SECURE SYSTEM ACCESS AND USE

(5) To protect access to University IT Resources, individuals are required to:

  1. select long and strong passwords that are not easily guessed and not in use in other non-University applications;
  2. not share University-provided or self-selected passwords with other individuals;
  3. keep personal and University-provided systems, used to access University systems or information, free from known vulnerabilities by keeping up-to-date with vendor provided security updates;
  4. maintain operational and up-to-date antivirus on personal and University-provided systems used to access University systems or information;
  5. securely store passwords that provide access to University systems or information;
  6. only use the accounts provided by the University for their own individual use;
  7. not bypass or attempt to circumvent the University’s Security Controls or Protection Mechanisms;
  8. not introduce malicious software such as viruses, worms, ransomware or trojans into the University environment; and
  9. not use Hacking Tools (including sniffing, scanning, password guessing or exploitation) when accessing, using or otherwise engaging with University IT Resources.

MONITORING AND COMPLIANCE

(6) The University monitors its information systems for compliance with this Policy in accordance with the University’s Workplace Surveillance Policy. Breaches of this Policy constitute misuse of University’s information and information systems.

(7) The Acceptable Use of IT Resources - Misuse Schedule provides some examples of activities that constitute misuse of IT Resources.  If misuse of IT Resources is detected or suspected, relevant disciplinary provisions will be invoked.

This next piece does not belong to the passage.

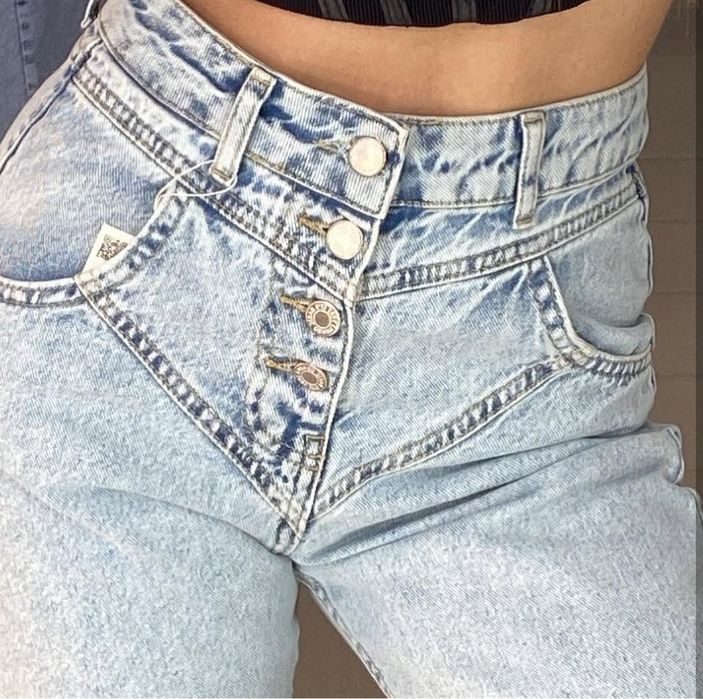 Джинси з ефектом трусиків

(8) The University may refer serious matters or repeated breaches to the Chief Information Officer, Director, Human Resources, the Head of the relevant organisational unit, or the appropriate external authorities which may result in disciplinary and / or civil, and / or criminal proceedings.

(9) The University has a statutory obligation to report illegal activities and corrupt conduct to appropriate authorities and will cooperate fully with the relevant authorities.

(10) To the extent allowed by law, the University is not liable for loss, damage or consequential loss or damage arising directly or indirectly from the use or misuse of any Information Technology Resources.

Top of Page

Section 3 - Procedures

(11) Nil.

Top of Page

Section 4 - Guidelines

(12) Nil.

Top of Page

Section 5 - Definitions

(13) Commonly defined terms are located in the University Glossary. The following definitions apply for the purpose of this Policy:

  1. Authorised Purposes means activities associated with work or study at the University, or provision of services to or by the University, which are approved or authorised by the relevant officer or employee of the University in accordance with University policies and procedures or pursuant to applicable contractual obligations, limited personal use, or any other purpose authorised by the relevant officer or employee.
  2. Hacking Tools means tools that are designed to facilitate the identification and exploitation of software or system weaknesses for the purposes of unauthorised access.
  3. Information Technology Resources, or IT Resources, includes, but is not limited to:
    1. All computers and all associated data networks and systems, internet access and network bandwidth, email, hardware, data storage, computer accounts, all OneID systems, media, software (both proprietary and those developed by the University) and telephony services.
    2. Information Technology services provided jointly, or as part of a joint venture between the University and a research centre, school, institute affiliated with the University, a subsidiary organisation owned by the University or any other partner organisation.
    3. Information Technology services provided by third parties that have been engaged by the University.
  4. Security Controls or Protection Mechanisms means systems or facilities implemented to restrict access only to individuals who are authorised to access or utilise the resource or information.